:: SUPPLIED RECORDS ::
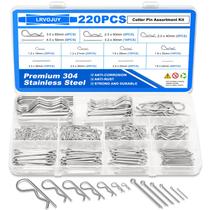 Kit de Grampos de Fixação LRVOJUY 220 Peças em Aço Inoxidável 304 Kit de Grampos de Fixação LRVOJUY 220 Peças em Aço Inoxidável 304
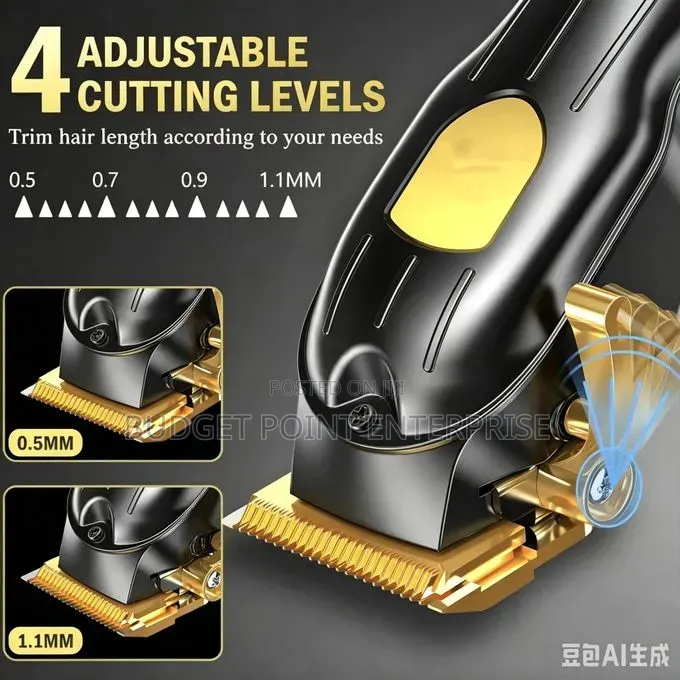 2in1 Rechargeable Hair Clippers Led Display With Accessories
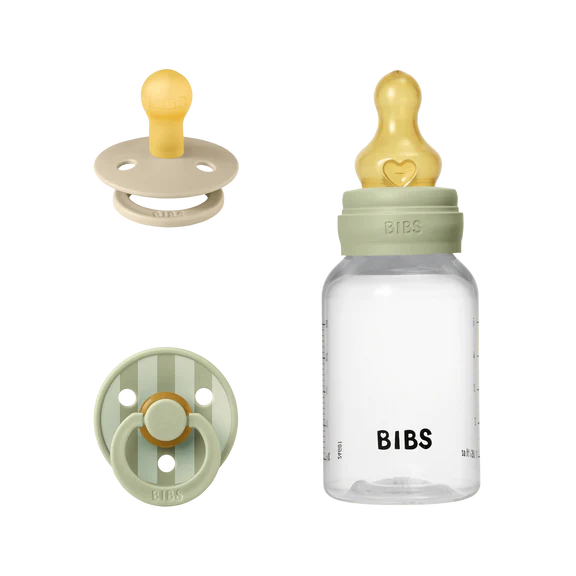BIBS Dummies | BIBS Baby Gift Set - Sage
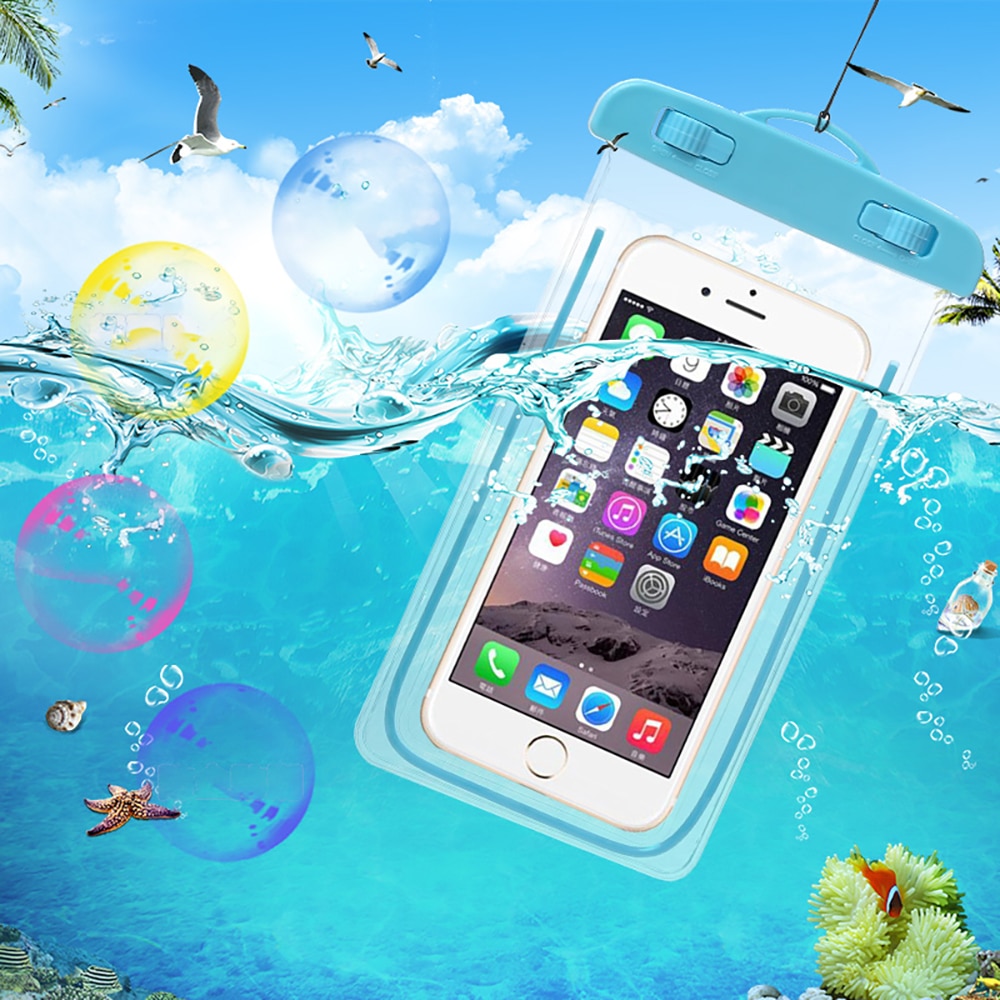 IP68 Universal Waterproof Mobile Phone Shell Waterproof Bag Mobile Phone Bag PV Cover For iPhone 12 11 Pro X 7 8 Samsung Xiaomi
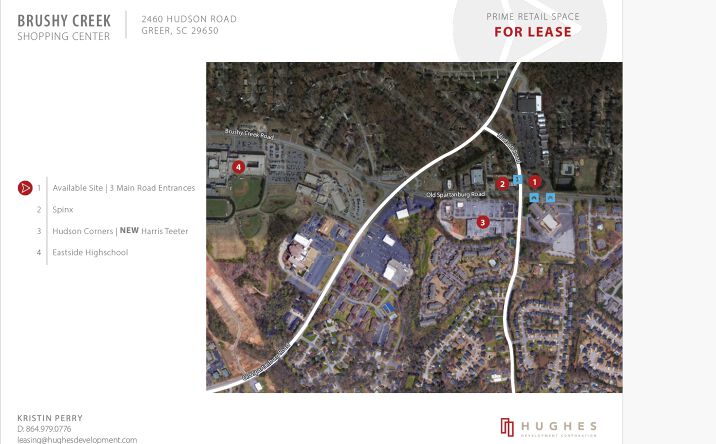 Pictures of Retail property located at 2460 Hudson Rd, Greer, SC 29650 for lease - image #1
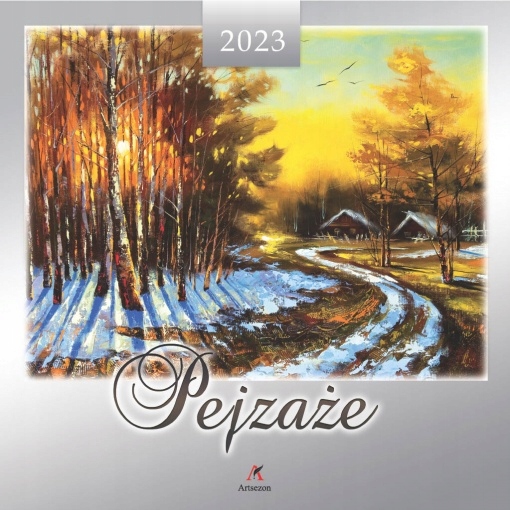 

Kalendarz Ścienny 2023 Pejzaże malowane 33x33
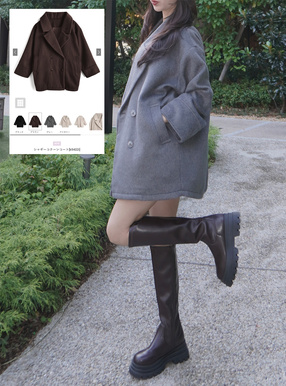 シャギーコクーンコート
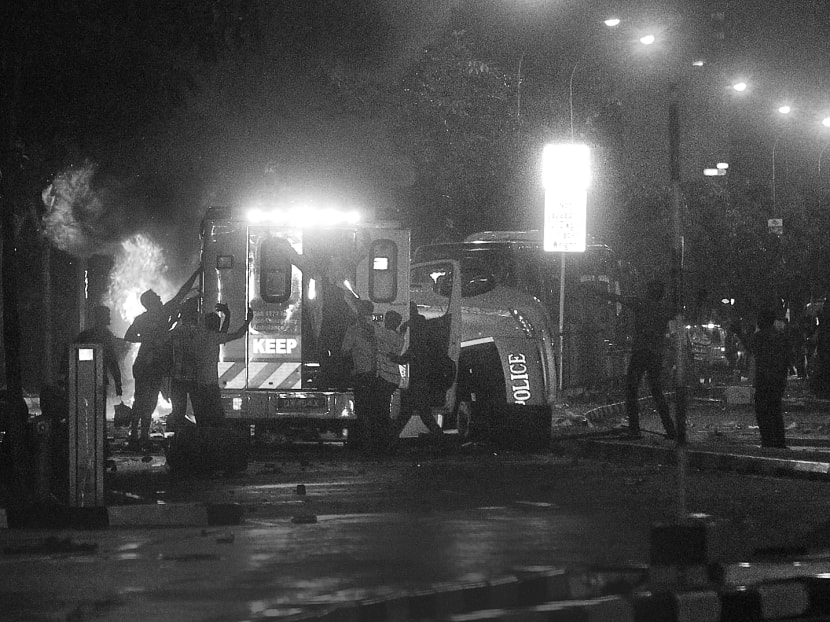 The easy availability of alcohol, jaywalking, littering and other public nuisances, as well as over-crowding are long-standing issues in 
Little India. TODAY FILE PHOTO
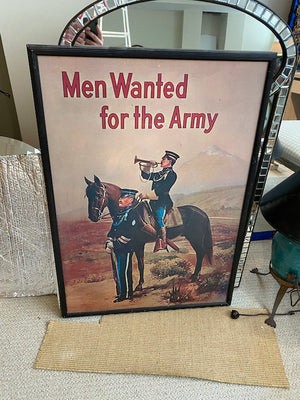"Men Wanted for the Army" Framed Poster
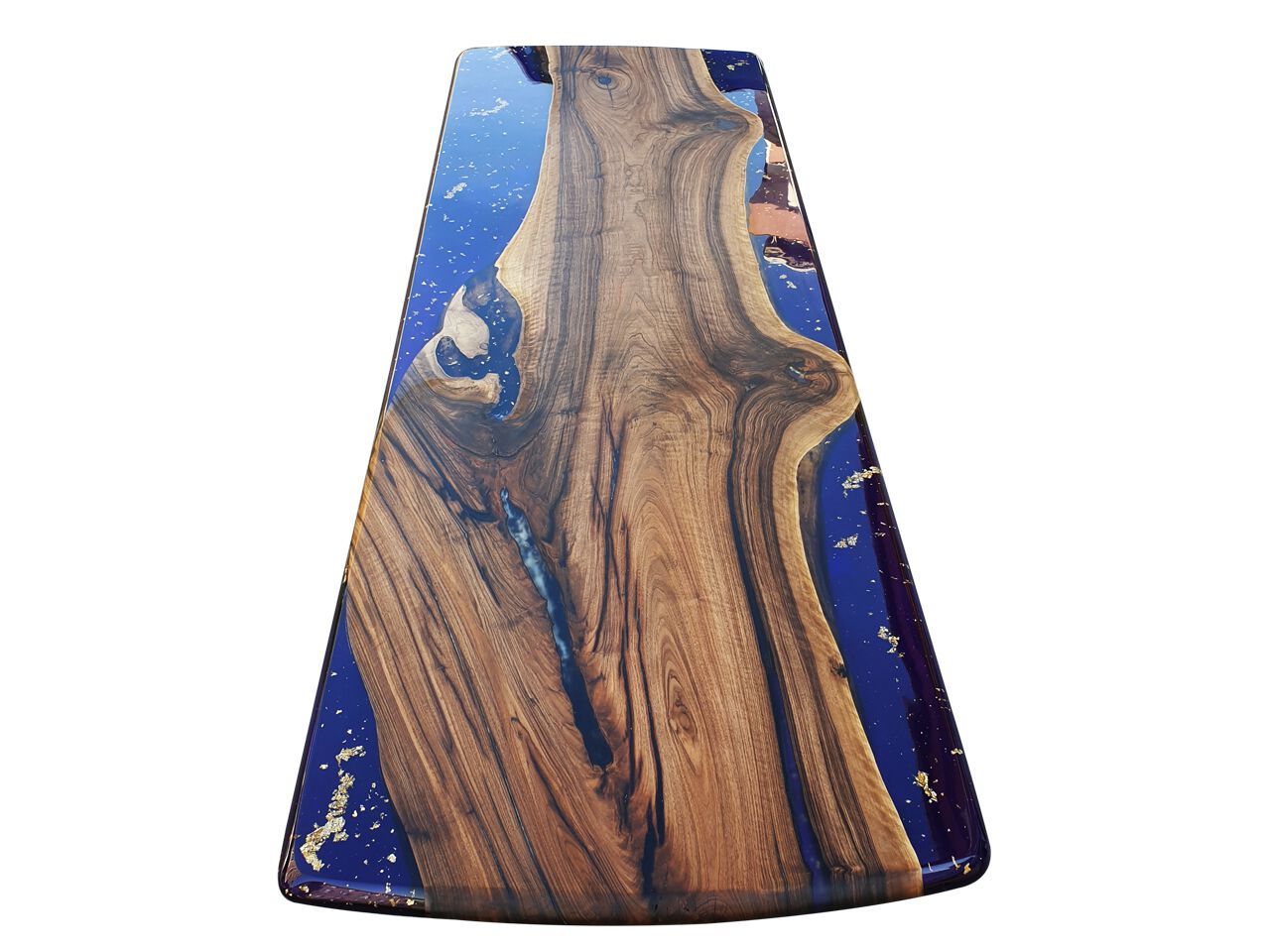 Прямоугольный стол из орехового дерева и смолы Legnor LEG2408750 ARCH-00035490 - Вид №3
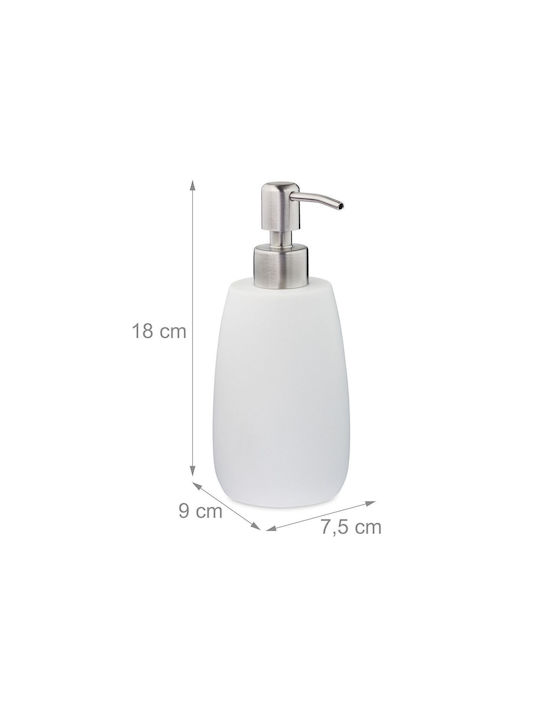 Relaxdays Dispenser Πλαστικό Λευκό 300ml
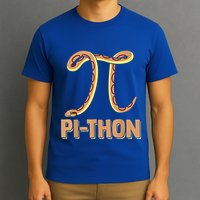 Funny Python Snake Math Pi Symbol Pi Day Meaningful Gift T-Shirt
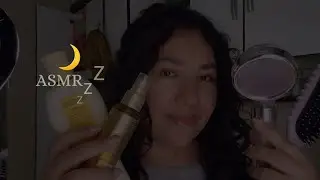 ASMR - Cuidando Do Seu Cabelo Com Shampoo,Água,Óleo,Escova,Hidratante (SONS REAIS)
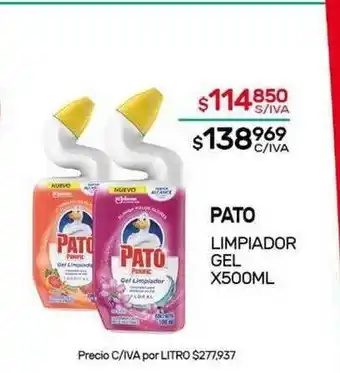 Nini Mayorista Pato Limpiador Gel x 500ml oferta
:::
Please take the lines from the beginning of the data above through the line holding "IP68 Universal Waterproof" and transcribe them exactly, without any pictures.

 Kit de Grampos de Fixação LRVOJUY 220 Peças em Aço Inoxidável 304 Kit de Grampos de Fixação LRVOJUY 220 Peças em Aço Inoxidável 304
 2in1 Rechargeable Hair Clippers Led Display With Accessories
BIBS Dummies | BIBS Baby Gift Set - Sage
 IP68 Universal Waterproof Mobile Phone Shell Waterproof Bag Mobile Phone Bag PV Cover For iPhone 12 11 Pro X 7 8 Samsung Xiaomi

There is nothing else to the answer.